● About this exercise: Using the data below, set down every line from the one containing "Luxury estate at" through the one containing "lot 2 image: John", inclusive and unchanged. Pictures are to be skipped.

● Listed entries:
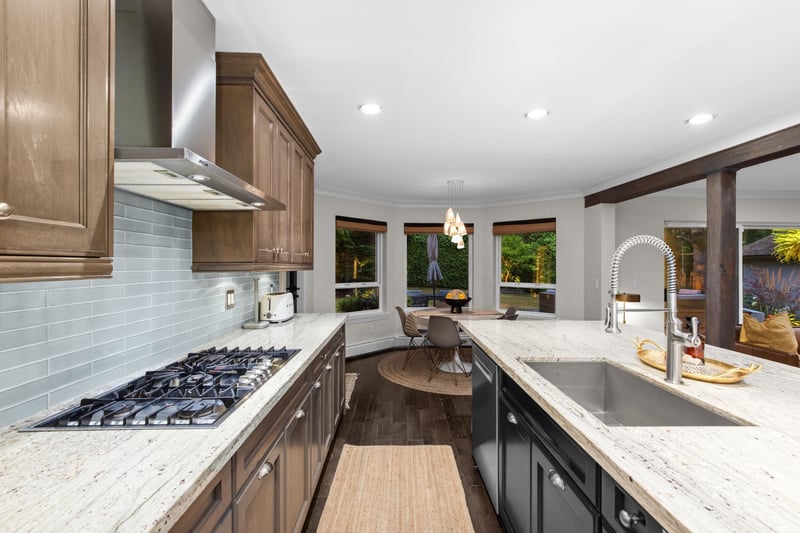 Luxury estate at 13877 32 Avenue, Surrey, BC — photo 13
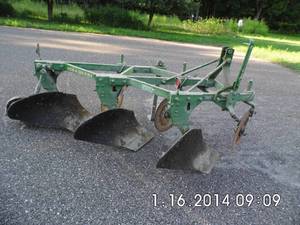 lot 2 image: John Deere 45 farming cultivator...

...

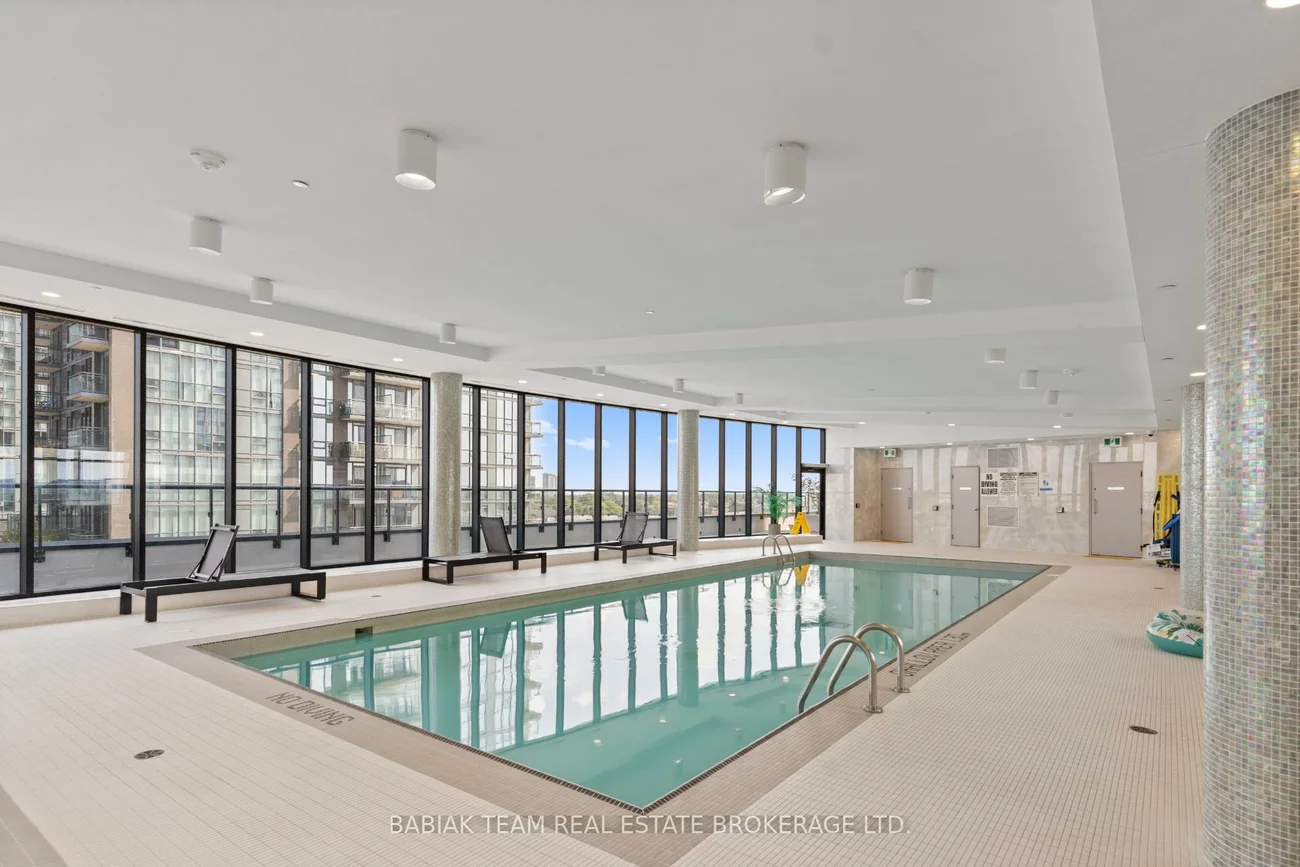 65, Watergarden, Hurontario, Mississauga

● Written response:
 Luxury estate at 13877 32 Avenue, Surrey, BC — photo 13
 lot 2 image: John Deere 45 farming cultivator...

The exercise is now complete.